TobiasHeOl/kasearch

Error when running EasySearch: only results for "Identity" column

Opened this issue · 5 comments

Dear kasearch team,

First of all, thanks for all your work, kasearch is really promising!! I'm really hoping I can get it running soon.

I'm trying to run EasySearch on the sample sequence.
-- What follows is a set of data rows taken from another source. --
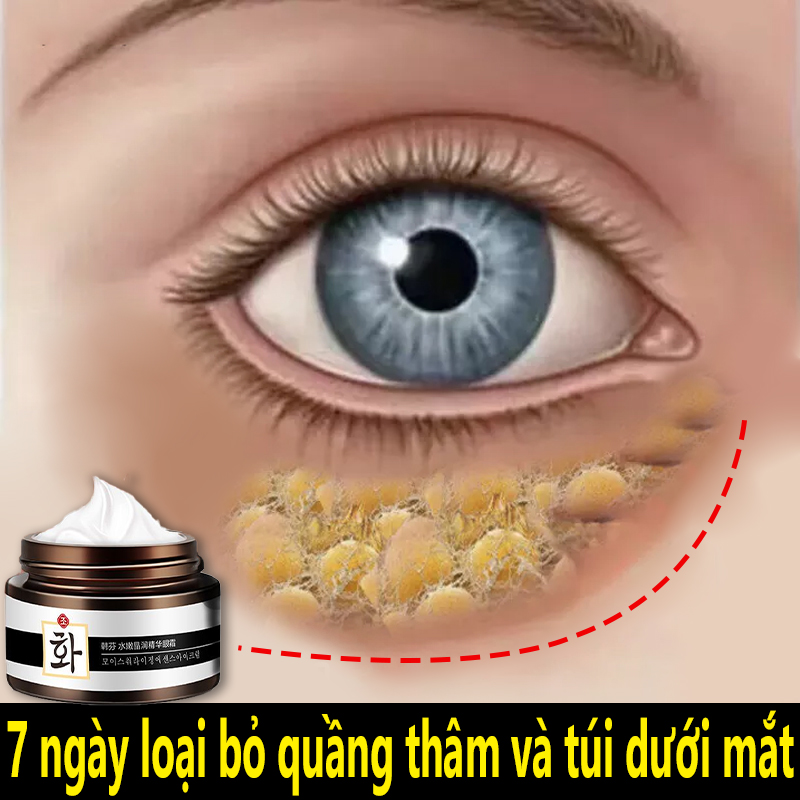 Kem mắt hàn quốc,kem tham mắt,kem mắt,thâm mắt nữ,bọng mắt,thâm quầng mắt,chống lão hóa,Cải thiện nếp nhăn ở mắt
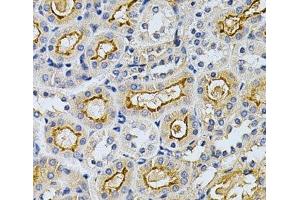 Immunohistochemistry of paraffin-embedded Mouse kidney using ADRBK1 Polyclonal Antibody at dilution of 1:200 (40x lens). (GRK2 antibody)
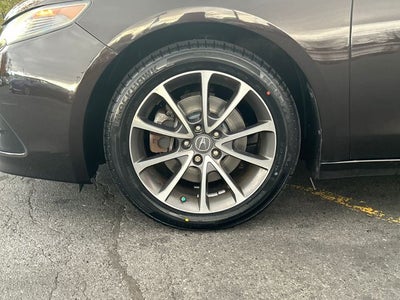 2015 Acura TLX V6 Advance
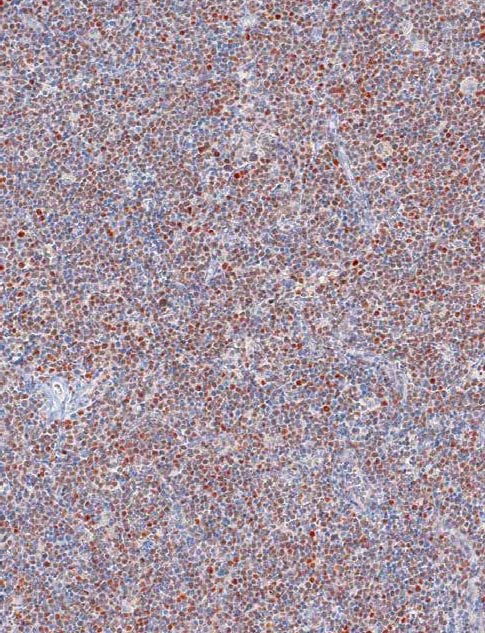 SOX11 Mouse Monoclonal Antibody(ARM916)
I downloaded the publication dataset into this folder: /researchers/laura.twomey/Tools/omics_tools/kasearch/oasdb_20230111/

from kasearch import EasySearch
# Run ka search
results = EasySearch('QVKLQESGAELARPGASVKLSCKASGYTFTNYWMQWVKQRPGQGLDWIGAIYPGDGNTRYTHKFKGKATLTADKSSSTAYMQLSSLASEDSGVYYCARGEGNYAWFAYWGQGTTVTVSS',
    allowed_chain='Heavy',  
    allowed_species='Human', 
    regions=['whole'],  
    length_matched=[False], 
    database_path='/researchers/laura.twomey/Tools/omics_tools/kasearch/oasdb_20230111/'
)

But get this error:

Traceback (most recent call last):
  File "/home/ltwomey/src/Analysis/scRNAseq/run_kasearch.py", line 15, in <module>
    results = EasySearch(
              ^^^^^^^^^^^
  File "/scratch/users/ltwomey/condaenvs/kasearch_new/lib/python3.12/site-packages/kasearch/easy_search.py", line 56, in EasySearch
    return targetdb.get_meta(n_query=0, n_region=0, n_sequences='all', n_jobs=n_jobs)
           ^^^^^^^^^^^^^^^^^^^^^^^^^^^^^^^^^^^^^^^^^^^^^^^^^^^^^^^^^^^^^^^^^^^^^^^^^^
  File "/scratch/users/ltwomey/condaenvs/kasearch_new/lib/python3.12/site-packages/kasearch/kasearch.py", line 150, in get_meta
    metadf = self._extract_meta(self.current_best_ids[n_query, :n_sequences, n_region], n_jobs=n_jobs)
             ^^^^^^^^^^^^^^^^^^^^^^^^^^^^^^^^^^^^^^^^^^^^^^^^^^^^^^^^^^^^^^^^^^^^^^^^^^^^^^^^^^^^^^^^^
  File "/scratch/users/ltwomey/condaenvs/kasearch_new/lib/python3.12/site-packages/kasearch/meta_extract.py", line 87, in _extract_meta
    fetched_metadata = pd.concat(Parallel(n_jobs=n_jobs)(delayed(self._get_single_study_meta)(group) for group in groups))
                                 ^^^^^^^^^^^^^^^^^^^^^^^^^^^^^^^^^^^^^^^^^^^^^^^^^^^^^^^^^^^^^^^^^^^^^^^^^^^^^^^^^^^^^^^^
  File "/scratch/users/ltwomey/condaenvs/kasearch_new/lib/python3.12/site-packages/joblib/parallel.py", line 1918, in __call__
    return output if self.return_generator else list(output)
                                                ^^^^^^^^^^^^
  File "/scratch/users/ltwomey/condaenvs/kasearch_new/lib/python3.12/site-packages/joblib/parallel.py", line 1847, in _get_sequential_output
    res = func(*args, **kwargs)
          ^^^^^^^^^^^^^^^^^^^^^
  File "/scratch/users/ltwomey/condaenvs/kasearch_new/lib/python3.12/site-packages/kasearch/meta_extract.py", line 47, in _get_single_study_meta
    study_file = self.id_to_study[study_id]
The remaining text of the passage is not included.